Please copy each line of the data that includes the string "foto".

(Data extract)

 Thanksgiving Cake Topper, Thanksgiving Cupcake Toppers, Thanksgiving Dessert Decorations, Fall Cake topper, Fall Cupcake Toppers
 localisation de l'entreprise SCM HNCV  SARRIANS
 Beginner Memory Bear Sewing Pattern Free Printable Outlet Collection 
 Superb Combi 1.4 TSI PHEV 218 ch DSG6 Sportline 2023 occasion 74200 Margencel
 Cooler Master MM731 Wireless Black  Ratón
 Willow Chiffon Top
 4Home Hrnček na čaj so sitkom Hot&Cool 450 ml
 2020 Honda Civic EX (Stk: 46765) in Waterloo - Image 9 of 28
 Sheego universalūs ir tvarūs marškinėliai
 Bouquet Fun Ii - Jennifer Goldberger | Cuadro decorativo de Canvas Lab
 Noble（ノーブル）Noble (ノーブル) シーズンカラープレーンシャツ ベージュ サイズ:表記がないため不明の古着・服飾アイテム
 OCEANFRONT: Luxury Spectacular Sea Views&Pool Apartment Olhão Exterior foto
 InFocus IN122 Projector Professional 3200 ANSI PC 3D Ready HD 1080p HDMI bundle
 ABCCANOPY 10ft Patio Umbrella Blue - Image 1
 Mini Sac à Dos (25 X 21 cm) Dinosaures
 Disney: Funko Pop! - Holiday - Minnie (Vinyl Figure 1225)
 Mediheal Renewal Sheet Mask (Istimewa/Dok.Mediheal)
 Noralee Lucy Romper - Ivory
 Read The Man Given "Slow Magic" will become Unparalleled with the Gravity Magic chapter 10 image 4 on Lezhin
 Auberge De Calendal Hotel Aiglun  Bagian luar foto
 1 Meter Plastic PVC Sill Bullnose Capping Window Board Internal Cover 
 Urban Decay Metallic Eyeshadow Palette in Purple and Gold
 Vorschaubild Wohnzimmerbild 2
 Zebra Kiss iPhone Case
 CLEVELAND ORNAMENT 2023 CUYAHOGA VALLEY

(End Data extract)

[Solution to this task]
 OCEANFRONT: Luxury Spectacular Sea Views&Pool Apartment Olhão Exterior foto
 Auberge De Calendal Hotel Aiglun  Bagian luar foto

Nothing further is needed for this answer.